Copy the lines below as they are; omit the images they contain.

*STORED DATA*
----

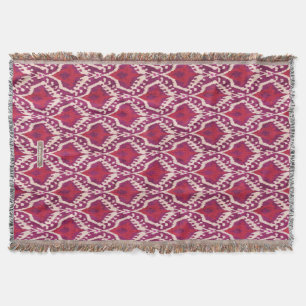 Schicke, farbenfrohe rote und violette Ikat-Stamme Decke
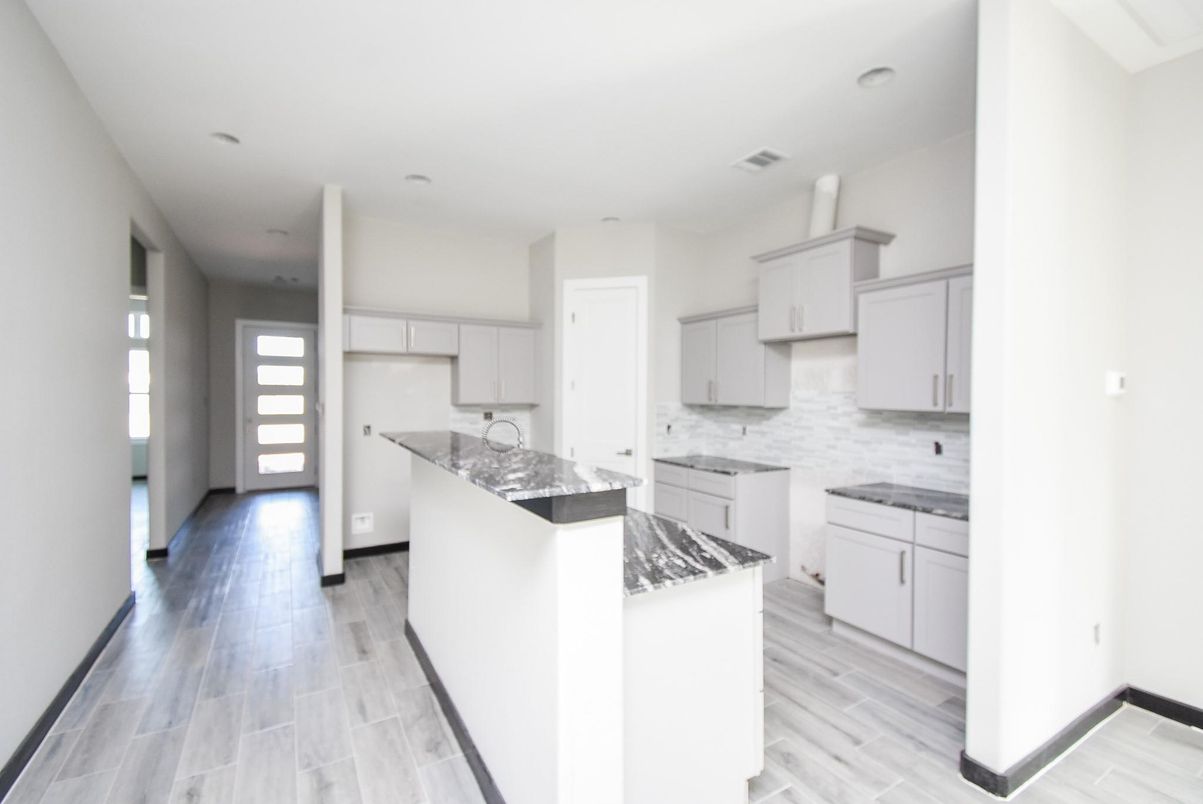 Interior, Kitchen, Recessed Lighting, Wood Texture Flooring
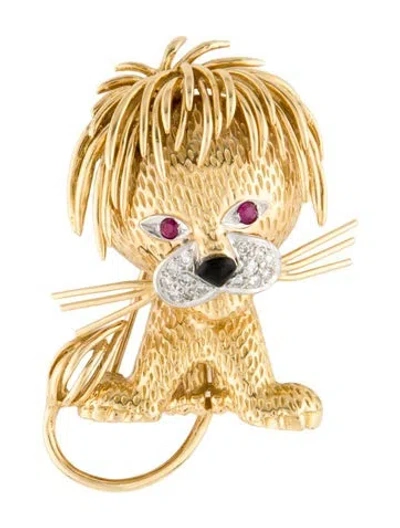 Pre-owned Van Cleef & Arpels Vintage 18k Ruby & Diamond Lion Ébouriffé Brooch In Multi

----

*REPLY*
 Schicke, farbenfrohe rote und violette Ikat-Stamme Decke
 Interior, Kitchen, Recessed Lighting, Wood Texture Flooring
 Pre-owned Van Cleef & Arpels Vintage 18k Ruby & Diamond Lion Ébouriffé Brooch In Multi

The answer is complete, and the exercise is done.